Mapping Canada's Music by Helmut Kallmann

Mapping Canada's Music by Helmut Kallmann

Author:Helmut Kallmann
Language: eng
Format: epub
Publisher: Wilfrid Laurier University Press
Published: 2013-03-15T00:00:00+00:00


A Major Contribution to Music in Canada

The extraordinary blossoming of musical activity in Canada after the Second World War undoubtedly owed much to favourable economic, technological, patriotic and other historical forces. However, it was due also to a conscious self-mobilization, a collective will to create better institutions for training and employing musicians. In this process the refugees from Hitler’s Germany played a major role. As in other spheres of life, Germany’s loss was Canada’s gain. The areas of activity ranged from St. John’s, NL, where Leipzig-born Andreas Barban (1914–1993) taught and played piano, to British Columbia, where Ida Halpern (1910–1987), a Viennese, researched and recorded Indian music and promoted concerts. Of national importance, but resident in Toronto, were Arnold Walter (1902–1973), master reformer and organizer, Nicholas Goldschmidt (b. 1908),2 grand organizer of festivals (both Moravian-born), Herman Geiger-Torel (1907–1976) from Frankfurt/Main, genius of opera production, and the Berlin-born conductor and apostle of Bruckner and Mahler, Heinz Unger (1895–1965). Hardly less impressive were the contributions of such singers-voice teachers as Ernesto Vinci (Berlin-born), Emmy Heim and Irene Jessner (both from Vienna), the harpsichordist Greta Kraus (from Vienna), the brothers Otto (composer and violist) and Walter (cellist) Joachim (from Düsseldorf), the conductor Mario Duschenes (from Altona), the singer Jan Simons (from Düsseldorf), the all-round musician Alfred Rosé (from Vienna) and many others.

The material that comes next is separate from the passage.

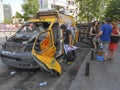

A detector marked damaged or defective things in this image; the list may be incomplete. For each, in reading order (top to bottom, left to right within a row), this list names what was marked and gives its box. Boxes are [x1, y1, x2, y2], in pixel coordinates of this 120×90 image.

damaged broadcast vehicle [0, 10, 78, 76]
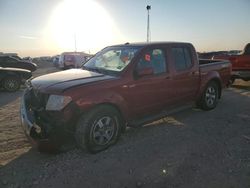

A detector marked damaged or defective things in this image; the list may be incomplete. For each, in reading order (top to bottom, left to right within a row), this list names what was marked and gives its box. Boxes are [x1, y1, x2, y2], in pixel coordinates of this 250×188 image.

damaged vehicle [20, 42, 231, 153]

None of the above musicians had been in Canadian refugee internment camps. To conclude I will provide a brief survey of other ex-internees who left a mark on Canadian music. Apart from Newmark’s, the greatest reputations were enjoyed by Helmut Blume, Walter Homburger and Franz Kraemer. Blume (b. Berlin 1914) [d. Montreal 1998], a student of Hindemith’s, and a virtuoso pianist of whose brilliant recitals in Sherbrooke’s Camp N I heard only a few, spent a few years with the CBC International Service, broadcasting to Germany by shortwave. Subsequently he became well known as a music broadcaster on the CBC’s domestic radio and TV services, introducing much contemporary music to Canadian listeners. At McGill University he served as professor of piano and for many years as dean of the Faculty of Music. During those years the Faculty established an electronic music studio, planned the move to a larger building and greatly expanded its music program.

Newmark’s erstwhile page-turner Walter Homburger (b. Karlsruhe 1924), not a musician by training, became a concert agent whose International Artists Concert Agency introduced many great artists to Toronto and other cities. He was for some years also the manager of Glenn Gould and others. In 1962 Homburger was appointed manager of the Toronto Symphony Orchestra and was spectacularly helpful in the orchestra’s rise to fame and financial health.

Franz Kraemer (b. Vienna 1914) [d. Toronto 1999], like Blume, worked in the CBC International Service for some years. When CBC television was started his Austrian background, including studies with Alban Berg, made him a natural choice for opera production, including Peter Grimes, Elektra, The Magic Flute, Otello, and Louis Riel. He also produced TV programs about Stravinsky, Gould and Rostropovich. Later, Kraemer became director of music programs for Toronto’s St.